What makes an Algorithm Intelligent?

Doctors are educated through years of medical schooling, doing assignments and practical exams, receiving grades, and learning from mistakes. Much in the same way, AI algorithms are fed with data to train them, the trained models are run on test data, their performances are graded, and the algorithms learn from the mistakes.

There are many different algorithms that can learn from data. Most applications of AI in medicine read in some type of data, either numerical (such as heart rate or blood pressure) or image-based (such as MRI scans or Images of Biopsy Tissue Samples) as an input, which is typically structured, meaning that each data point has a label or annotation that is recognizable to the algorithm. The algorithms then learn from the data and churn out either a probability or a classification. For example, the actionable result could be the probability of having an arterial clot given heart rate and blood pressure data, or the labeling of an imaged tissue sample as cancerous or non-cancerous. After the algorithm is exposed to enough sets of data points and their labels, the performance is assessed to ensure accuracy, just like exams are conducted to assess medical students. This process involves the input of test data to which programmers already know the results, allowing them to assess the algorithm’s ability to determine the correct result. Based on the performance, the algorithm can be modified, fed more data, or rolled out to be applied in clinical environments.

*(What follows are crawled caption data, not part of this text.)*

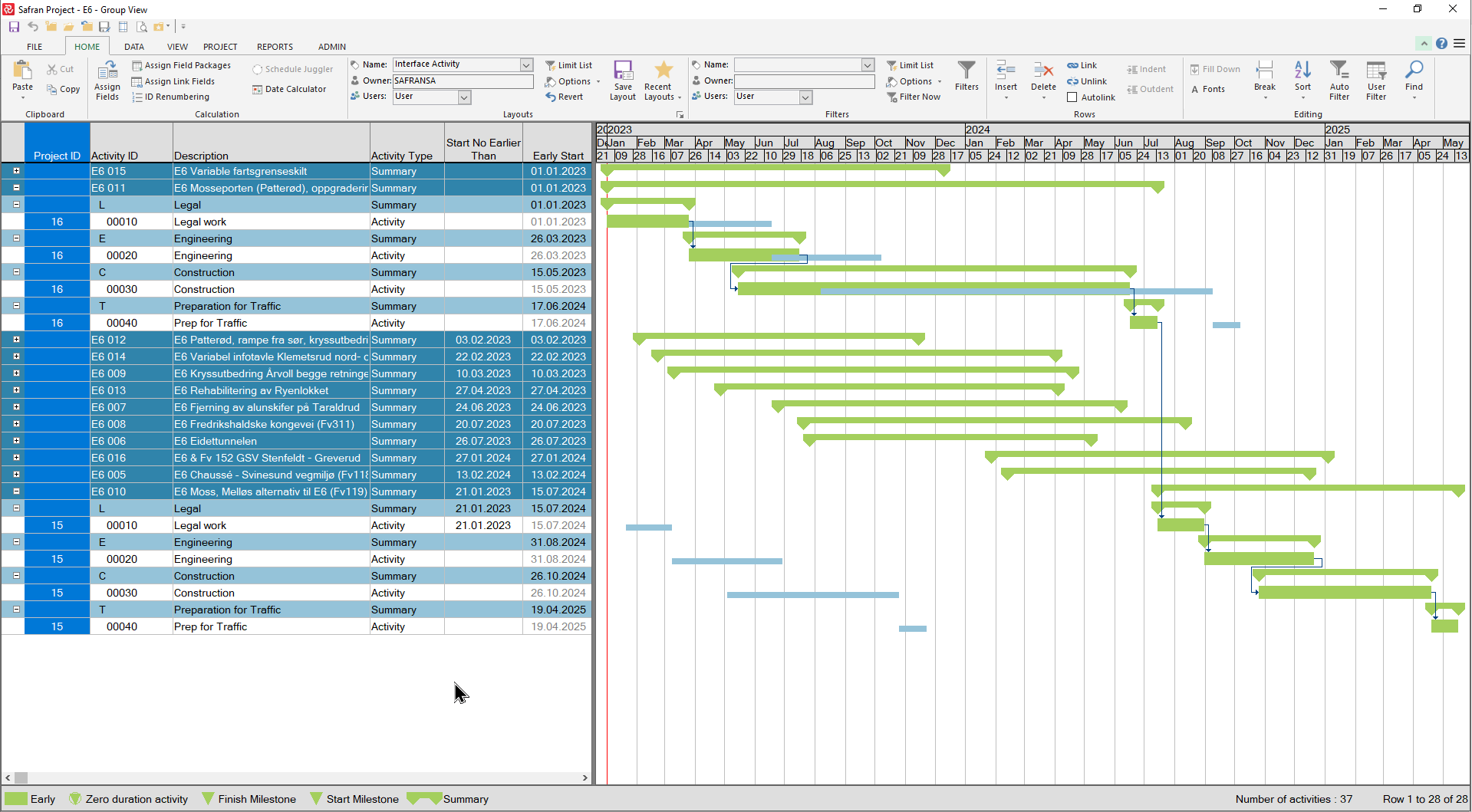 Sp Project group Progress and expended BE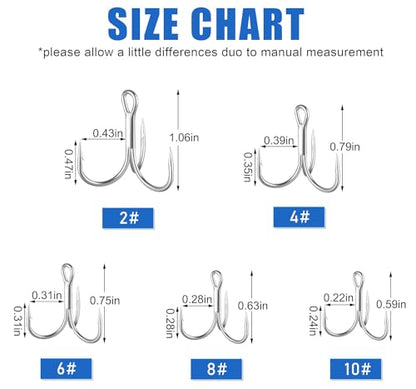 Fishing Treble Hooks Triple Fishing Hooks High Carbon Steel Barbed Sharp Round Bend Treble Hooks Replacement for Hard Lures Bait - color: Silver, size: 10#-50pcs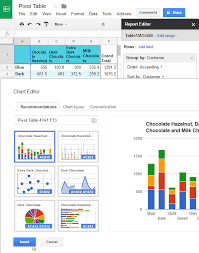 Google Sheets Pivot Table Tutorial How To Create And Examples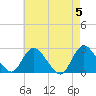 Long Branch Reach tide chart for Sunday, May 5, 2024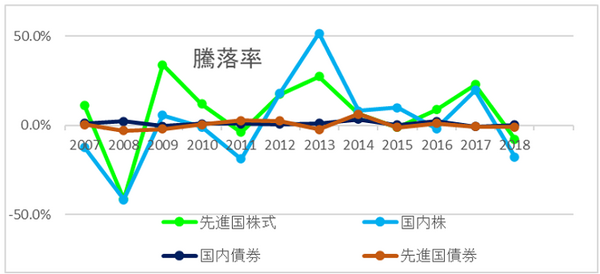 グラフ1騰落率折れ線グラフ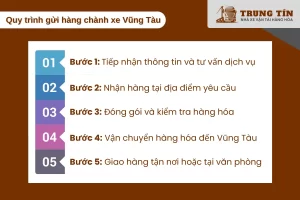 Quy trình gửi hàng chành xe Vũng Tàu qua Vận tải Trung Tín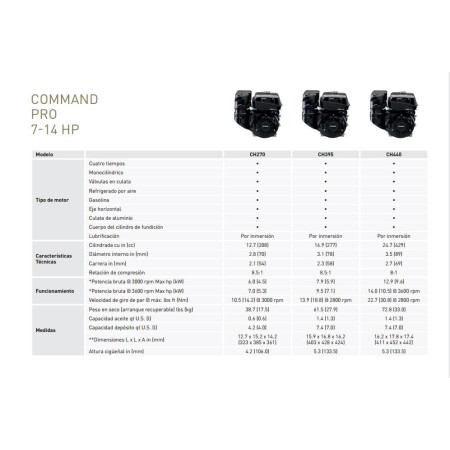 KOHLER CH270 MOTOR 19.04mm KURBELWELLE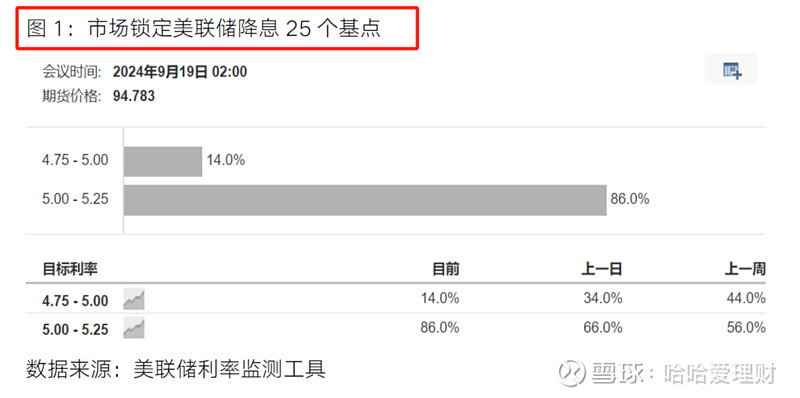 钉钉的基金（钉钉基金是什么代码）《钉钉宝基金》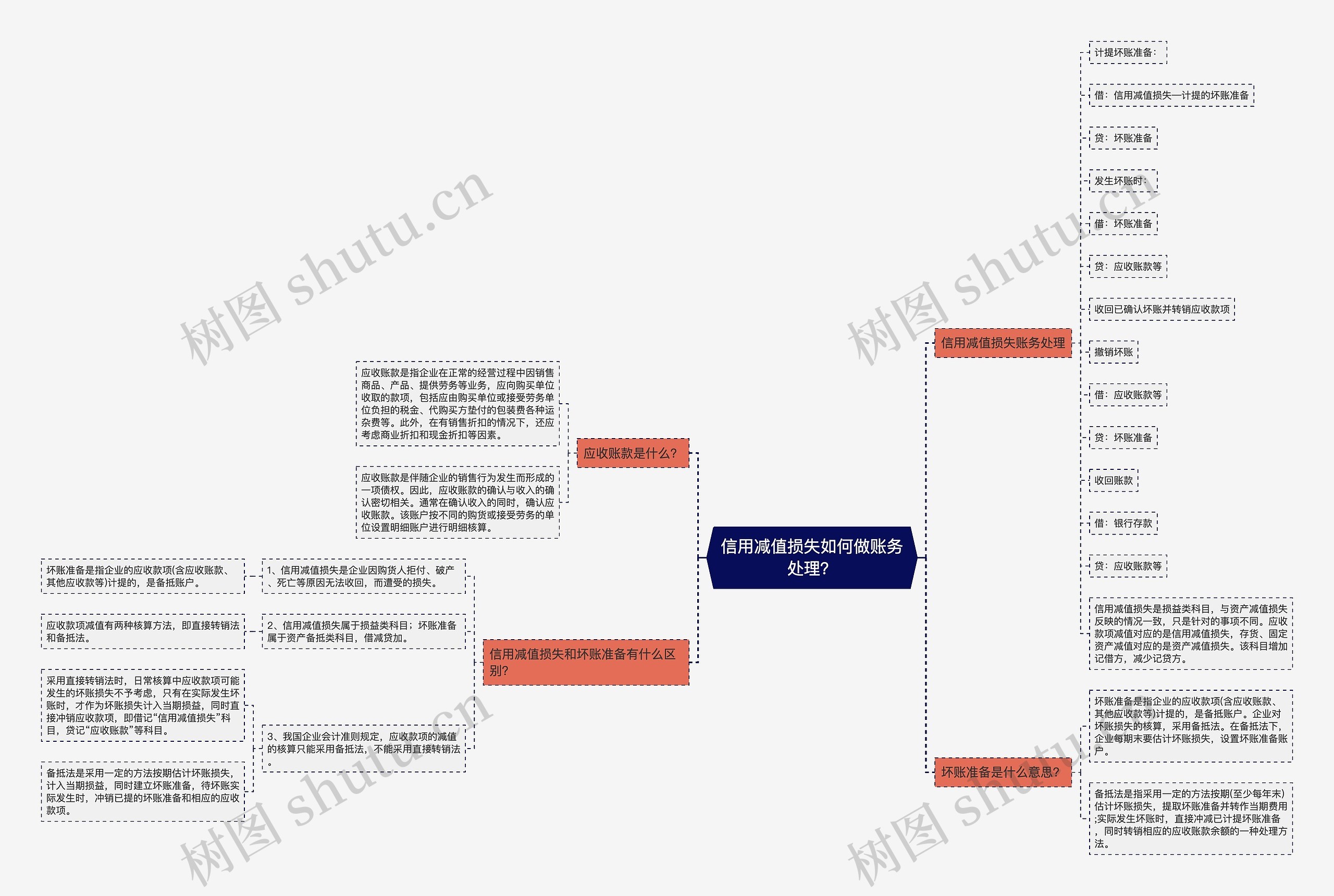 信用减值损失如何做账务处理？思维导图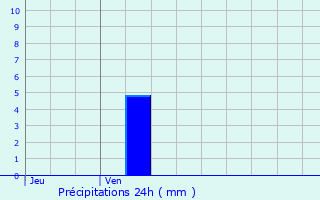 Graphique des précipitations prvues pour Le Plessis-l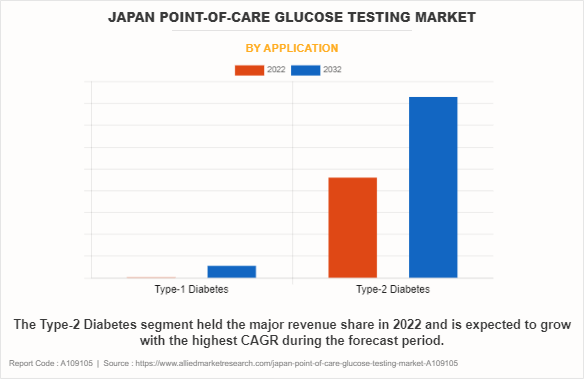 Japan Point-of-Care Glucose Testing Market by Application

AI algorithms. The above image shows an example of an algorithm that learns the basic anatomy of a hand and can recreate where a missing digit should be. The input is a variety of hand x-rays, and the output is a trace of where missing parts of the hand should be. The model, in this case, is the hand outline that can be generated and applied to other images. This could allow for physicians to see the proper place to reconstruct a limb, or put a prosthetic.


Approaching ‘Precision Medicine’ through AI

Classical medical practice puts large groups of people in their focus and tries to develop clinical solutions, and hence the treatment protocols or drugs developed thereof are usually based on the needs of the statistical average person.

As everyone has a different genetic code, a different lifestyle, exposed to different environmental conditions and medications, they may react differently to a particular pharmaceutics or may have a completely opposite reaction to treatment as assumed. Here’s where the concept of ‘Precision medicine’ comes into play.

Now, as we are in an age where masses of data can be collected and analyzed very quickly, personalizing treatment can become more feasible by means of machine learning and deep learning AI algorithms. So, AI will most likely help healthcare move from traditional, ‘one-size-fits-all’ medical solutions towards targeted treatments, personalized therapies, and uniquely composed drugs.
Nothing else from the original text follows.